“Trust but verify” is not an adage that modern cybersecurity teams should be repeating. We all need to update our mantra to be: “Never trust. Always verify.”
We see the need for this mentality in everything from phishing emails to questionable changes made within company IT infrastructure. We can’t trust that the person claiming to be our CEO in a strange email is our CEO and “verify later”. We need to question that immediately.
Verify first, and skip the trust unless it’s earned. And that trust is only temporarily.
Zero Trust Network Access (ZTNA) is an approach to IT where trust is never implicit. Trust needs to be earned, repeatedly, to ensure that everything inside your network (and of course outside) is a verified, trusted resource.
While we can thank Stephen Paul Marsh’s doctoral thesis on computation security for the term “Zero Trust”, the modern concept was reintroduced to the world by Forrester analyst John Kindervag. And like seemingly everything in our digital lives, once Google tested it in 2009 with BeyondCorp, it started to take off.
In the wake of the OPM data breach, the U.S. government began to take (and promote) a Zero Trust approach. In an article, Representative Jason Chaffetz points out that were Zero Trust implemented at the time of the OPM attack, “Zero trust would have profoundly limited the attacker’s ability to move within OPM’s network and access such sensitive data.” This endorsement of Zero Trust from the federal government made the approach centerstage.
It was a lot easier to trust things inside your network when your network was inside an office along with all of your employees. But that’s not the case anymore. Employees are spread far and wide, and often your company network includes employees who are working from home and relying on home routers.
Your network is a distributed workforce of home offices, WeWork spaces, cafes, IoT devices, mobile tablets, and various other infrastructure.
This change in the last year has really cemented the need for complete adoption of Zero Trust Network Access. Susan Gosselin on CIO Insight called 2021 the “year for Zero Trust security.” Attacks occurring from within company infrastructure by outside attackers made that clear.

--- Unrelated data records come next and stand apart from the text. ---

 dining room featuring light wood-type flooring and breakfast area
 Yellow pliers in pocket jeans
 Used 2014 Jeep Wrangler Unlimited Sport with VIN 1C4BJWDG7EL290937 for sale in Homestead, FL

So the need for repeated authentication is a huge must-have for cybersecurity professionals (and companies as a whole) going forward.
In reality, you don’t know who’s behind that desk.

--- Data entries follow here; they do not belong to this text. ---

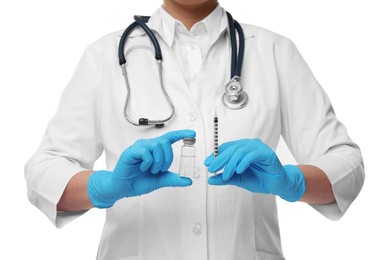 Photo of Doctor holding medical syringe and glass vial on white background, closeup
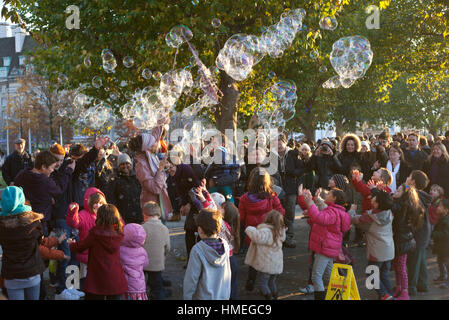 Small children and their parents gather round a street performer leaving a trail of giant bubbles on the South bank in London Stock Photo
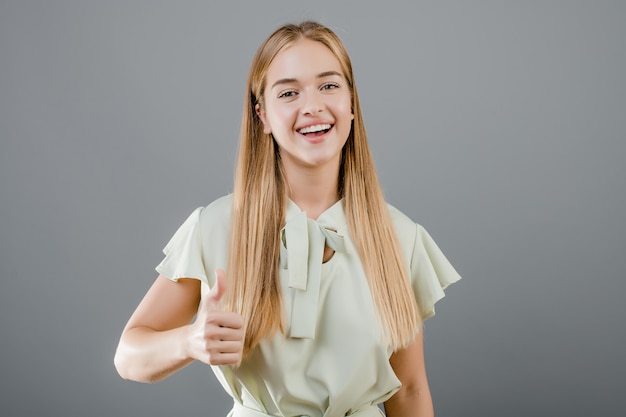 Fille Blonde Assez Heureuse Montrant Les Pouces Vers Le Haut Isolé Sur Gris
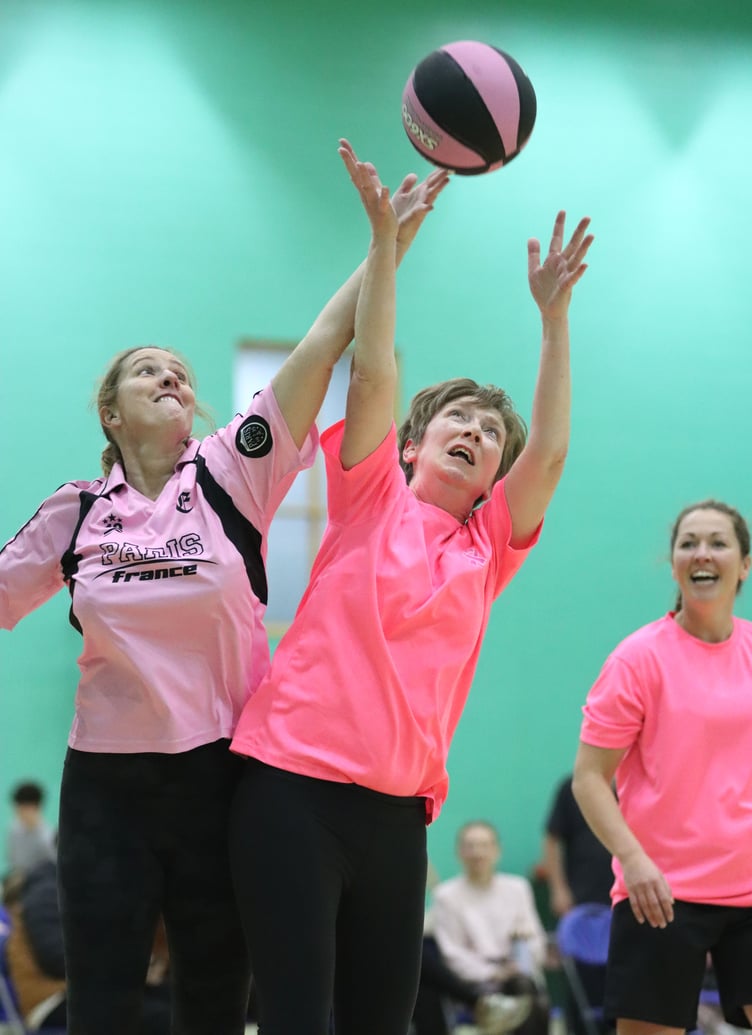 Trudi Halsall (left) and Lorna Kirkham fight for the rebound during the Big Pink 3x3 charity basketball tournament in aid of Manx Breast Cancer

Despite how often the term gets thrown around, ZTNA isn’t as widely adopted as you think it is.
One of the biggest issues with the concept of “Zero Trust” is that it’s a model, not a tool you can deploy. And so, a lot of companies think they’re employing Zero Trust when really they’re leaving it to their employees to apply a Zero Trust mindset ad hoc. And then there are companies that have a Zero Trust model in one department, but it’s not company-wide. And then there are the companies that think implementing ZTNA means an overhaul of their entire security framework.

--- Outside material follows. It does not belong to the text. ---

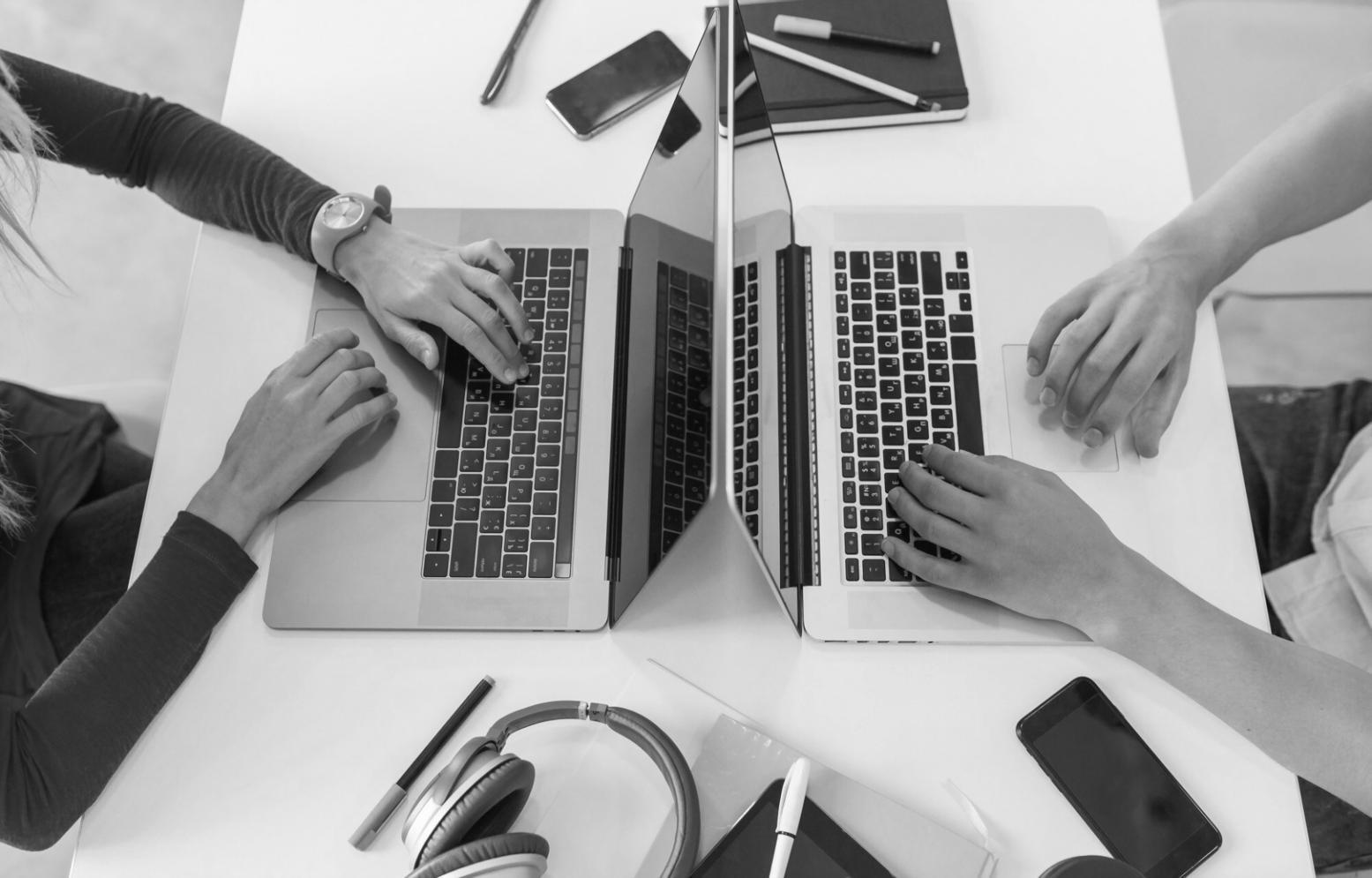 Student working on laptop with financial planning documents and calculator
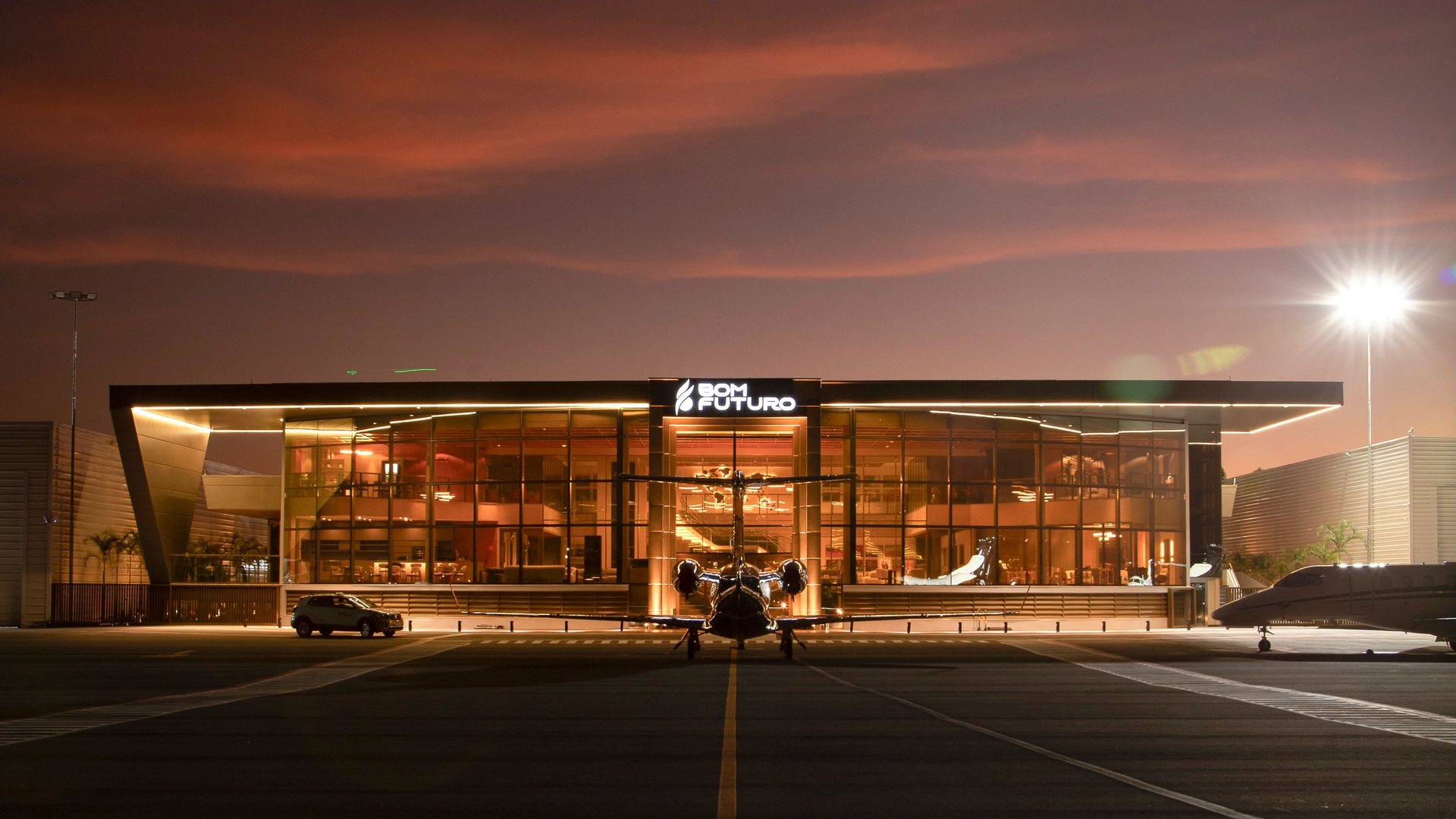 Terminal executivo Bom Futuro iluminado ao anoitecer, com um jato estacionado de frente para a fachada de vidro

But moving to Zero Trust doesn’t me re-architecting everything. It means applying that model to everything you’re doing currently and then adopting the tools you need to fill in the gaps.
What you really need are the right tools in place to support a Zero Trust framework. This way, there is less pressure on individuals to “take a Zero Trust approach” since everything is put in place so that their only choice is to take a Zero Trust action inside a Zero Trust model.
So what does this look like?
It means putting “trust” barriers between people and the actions they take. When you implement our DNS security, that means that no website any of your users want to go to is inherently trusted. You put that website under a microscope to find out what category it falls into and whether or not it’s malicious.
And this protects you as sites inevitably change. Formerly malicious sites are taken down, purchased by new owners, and turn into small business websites. Alternatively, previously “trusthworthy” websites can be hacked. Our AI looks for markers that indicate a site is now deceptive, and will categorize that site as a threat.
Additionally, we see our features such as Multi-factor Authentication as an important part of a Zero Trust architecture, enabling our users to prevent threat actors or employees lacking the right permissions and the ability to login and change your company’s DNS security policies.
When you work in the cloud, DNS is the road that your entire infrastructure is built on. It’s important that you implement a Zero Trust model when it comes to how your employees use it.